Thought someone else may find this useful.
Used.
4 x Jumbo pool noodles with 25 mm hole. 100mm diameter. KMart, Big W.
8 m 25mm diameter (external) plumbers pipe.( 2x3m, then cut in half, for length in this case)
4 x 90 deg connectors 25mm internal 
2 x "T" joiners 25mm internal
Glue, obviously
Total cost about $80
Total time about 1 hour.
Laid pool noodles with tubing in position on upturned hull.
Made measurements for cutting allowing for tube insertion into connectors. Do long tubing first.
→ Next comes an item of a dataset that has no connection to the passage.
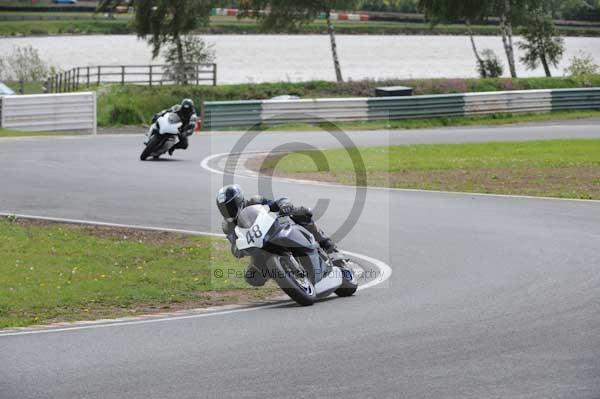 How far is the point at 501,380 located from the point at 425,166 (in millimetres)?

Then cross beams.
Apply glue to joints and adjust quickly to correct positions b4 glue sets.
"Tip" Put newspaper on hull where you do joins/glue to avoid mess on hull.
Glue takes 5-20 min before you can move cradle. 24 hrs for full strength.
Additional cross supports could be added if you want more strength.
Cradle with yak on it can be dragged around no problem.
No chance of scratching or "moulding" vs hard surface stand as weight evenly supported.


----------



## rodrocket (Apr 24, 2012)

Hey, you're partly right  
They were out of "Starboard coloured Jumbo Pool Noodles" dammit..... :lol: 
The red is on starboard side when it's upside down. 
It's correct when rightside up. See last pic.... ;-)
Having said that, with PA's it's hard to know which way they are heading sometimes......  
Almost kosher. 
Cheers.


----------